History of Isan - Prehistory

Prehistory

Four Homo erectus fossil skull fragments found in northern Thailand's Hat Pudui cave (Ko Kha District, Lampang Province) by Thai paleontologists Somsak Pramankij and Vadhana Subhavanin, were in deposits dating from the mid-Pleistocene era, which was before the Khorat Plateau had uplifted from an extensive plain. Professor Phillip V. Tobias of Johannesburg's University of the Witwatersrand examined the fragments and said: "It seems unavoidable but to conclude that Thailand must have been a highway or crossroads in the movement of hominids — members of the family of man."

Pha Taem cliff paintings alongside the Mekong in Udon Thani Province date to around 1500 BC. They are younger than but similar in composition to the Rock Paintings of Hua Mountain in southern China, which are attributed to the Luoyue people of what is today the lowland plains of northern Vietnam, particularly the marshy, agriculturally rich area of the Red River Delta, and particularly associated with the Bronze Age Đông Sơn culture of mainland Southeast Asia.
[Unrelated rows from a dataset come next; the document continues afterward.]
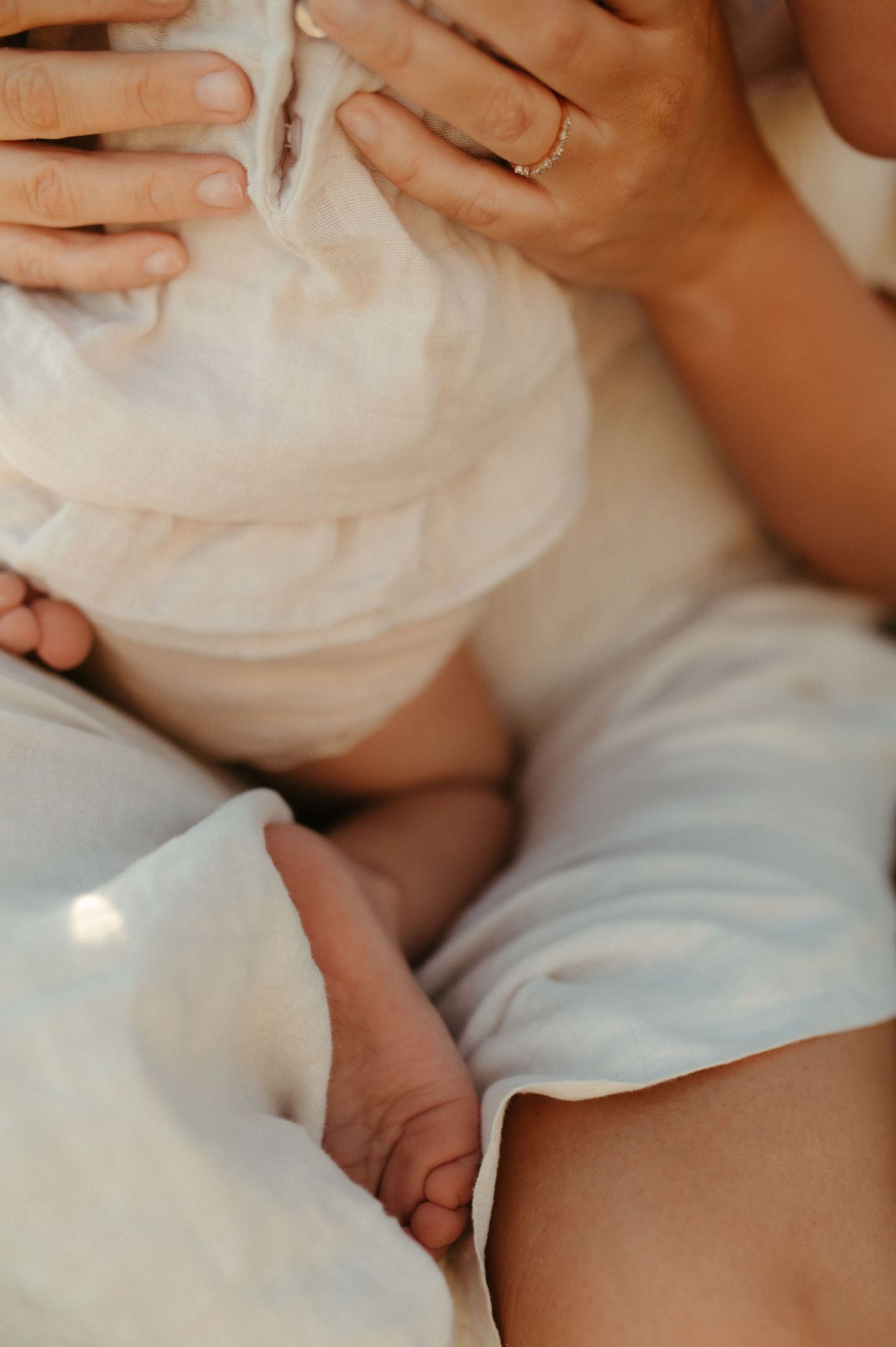 A mother tenderly holds her newborn baby wrapped in a soft white muslin cloth, with tiny feet peeking out.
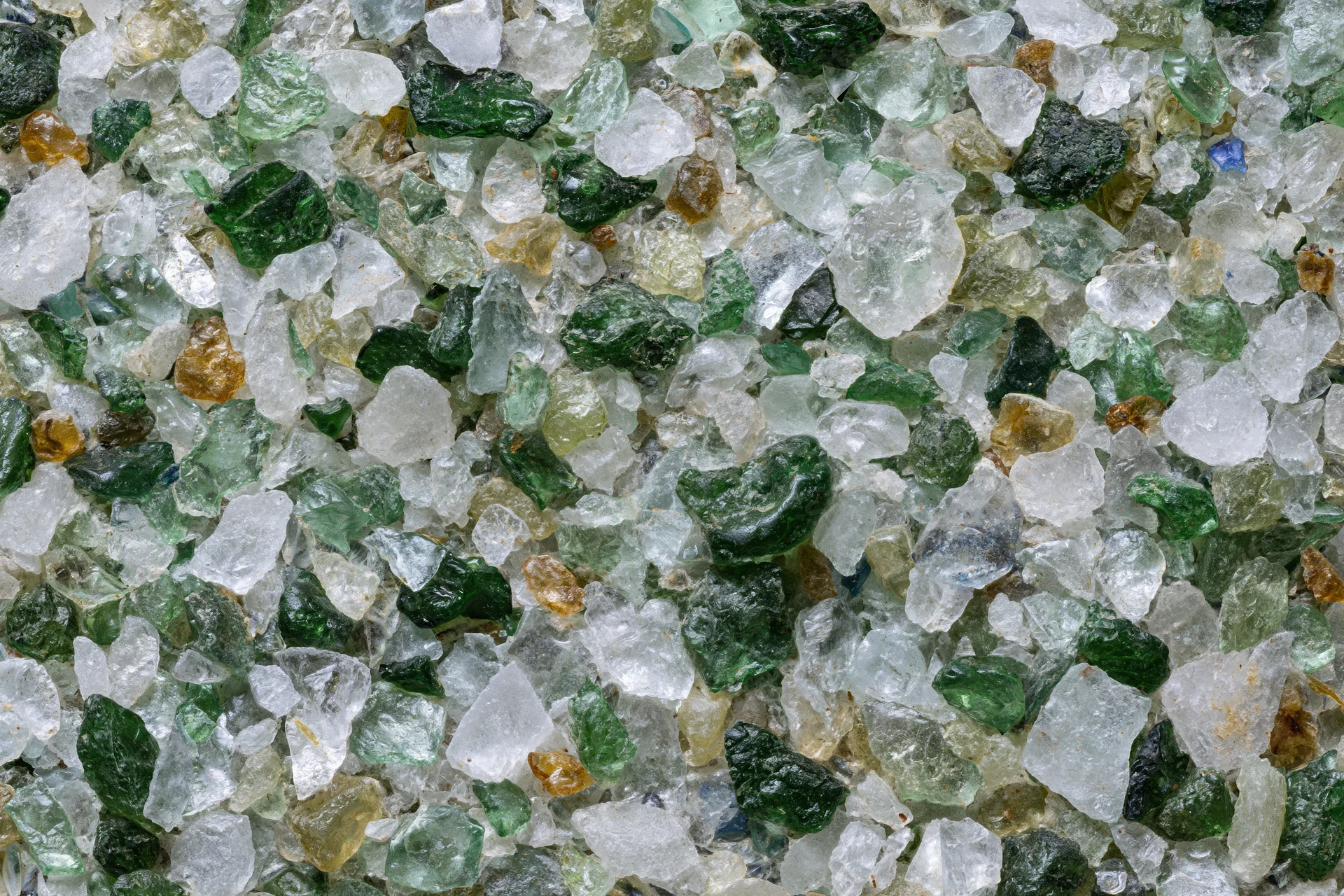 Crushed recycled glass cullet spread flat in a close-up view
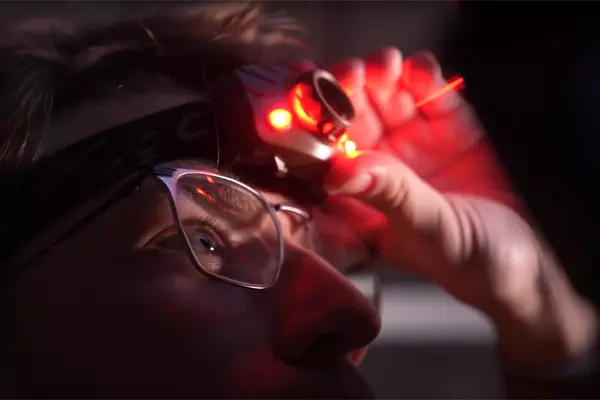 Austin Glock uses a red head lamp to make adjustments in the university observatory.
The Ban Chiang archaeological site, dating from around 3000 BC to 300 AD, attracted attention in 1966 as seemingly the world's oldest site showing traces of a Bronze Age culture, due to errors in dating. In Fine Arts, the site is remarkable for its pottery; further investigation into ancient skeletal remains raised serious questions about transitions to sedentism and intensified agriculture. The question as to why the site was abandoned until resettled by 19th–century Lao émigrés remains to be settled. The Bronze Age site of Ban Non Wat in the southeast of the plateau is also under investigation (2002–present.)